Continuity and Change in Naya Pakistan

On July 25, 2018, 53 million Pakistanis cast their votes in the country’s eleventh general election since 1970, and its third in just over a decade. Polls were held simultaneously to elect 272 legislators to the lower house of parliament, the National Assembly, and 593 legislators to 4 unicameral provincial assemblies. The results signified an apparent shift in the country’s electoral landscape, as the center-right Pakistan Tehreek-i-Insaf (pti), led by anti-corruption crusader, and former cricketer and philanthropist, Imran Khan, emerged as the largest party in the National Assembly for the first time in its twenty-two-year-long history. The previous incumbent, three-time prime minister Nawaz Sharif’s party, the Pakistan Muslim League-Nawaz (pmln), was ousted from both the center after a single five-year term in power, and, more surprisingly, from its stronghold of Punjab Province, where it had led the government since 2008.

Despite falling short of a simple majority, the pti attained the required numbers to form a government with the help of smaller regional parties, paving the way for Imran Khan to be sworn in as Pakistan’s twenty-second prime minister on August 18, 2018.

The pti’s victory and Khan’s ascension to the top of the electoral summit signalled several firsts in Pakistan’s electoral history. This was the first time the pti had won nationally, and the first time its leader Imran Khan had taken up any executive office.

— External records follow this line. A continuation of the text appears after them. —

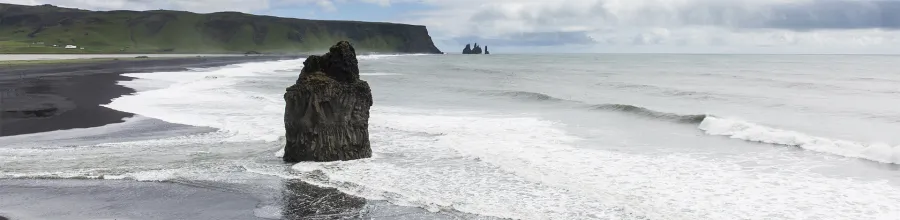 lavastrand, reynisdrangar, island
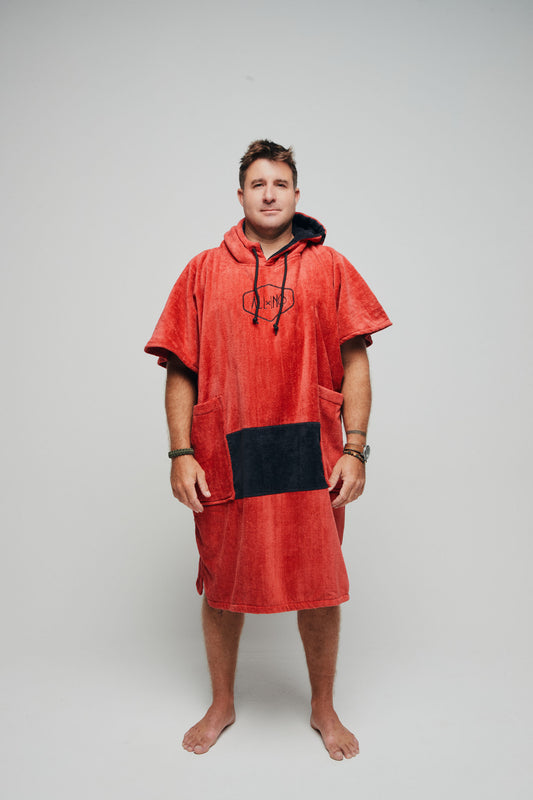 Poncho adulte coupe V - RED IS DEAD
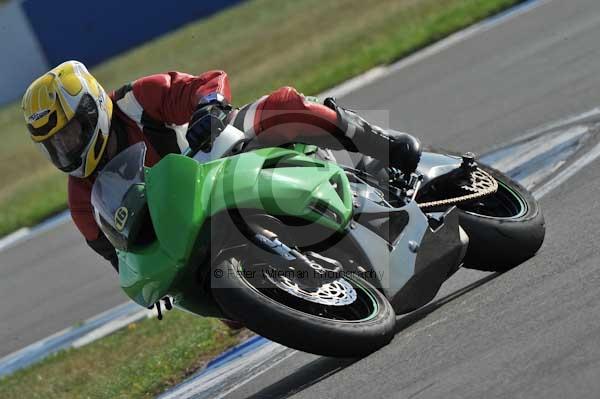 Motorcycle action photographs;Trackday digital images;donington;donington park leicestershire;donington photographs;event digital images;eventdigitalimages;no limits trackday;peter wileman photography;trackday;trackday photos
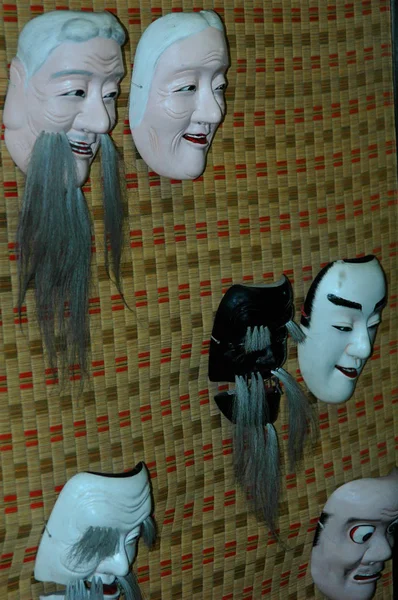 Maske, Japonya ve çevresindeki adaların ilkel sanatını taklit ediyor.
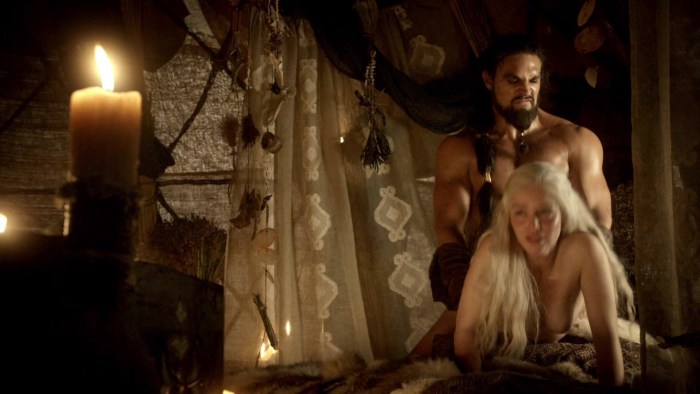Emilia Clark Game of Thrones Sex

This was also the first time in ten party-based general elections — since Pakistan’s first in 1970 — that a party not named the Muslim League or the Pakistan Peoples’ Party (ppp) was leading the central government.1 And notably, it was the first time in the country’s seventy-one years of military-dominated existence that two successive transfers of power had taken place between civilian governments.2

What explains the pti approximately quadrupling its National Assembly seat haul from 35 in 2013 to 149 in 2018 and doubling its national vote-share from 16 percent to 32 percent during a five-year period? Making this rise more notable is that the pti’s emergence to mainstream electoral prominence has taken place during a relatively short period. The party’s rise as a viable third party can be traced back to a large jalsa (public rally/event) held in October 2011 in the country’s second-biggest city, Lahore. For much of its existence prior to the Lahore jalsa, the party remained a marginal outsider, having won only one National Assembly seat in its first three general elections.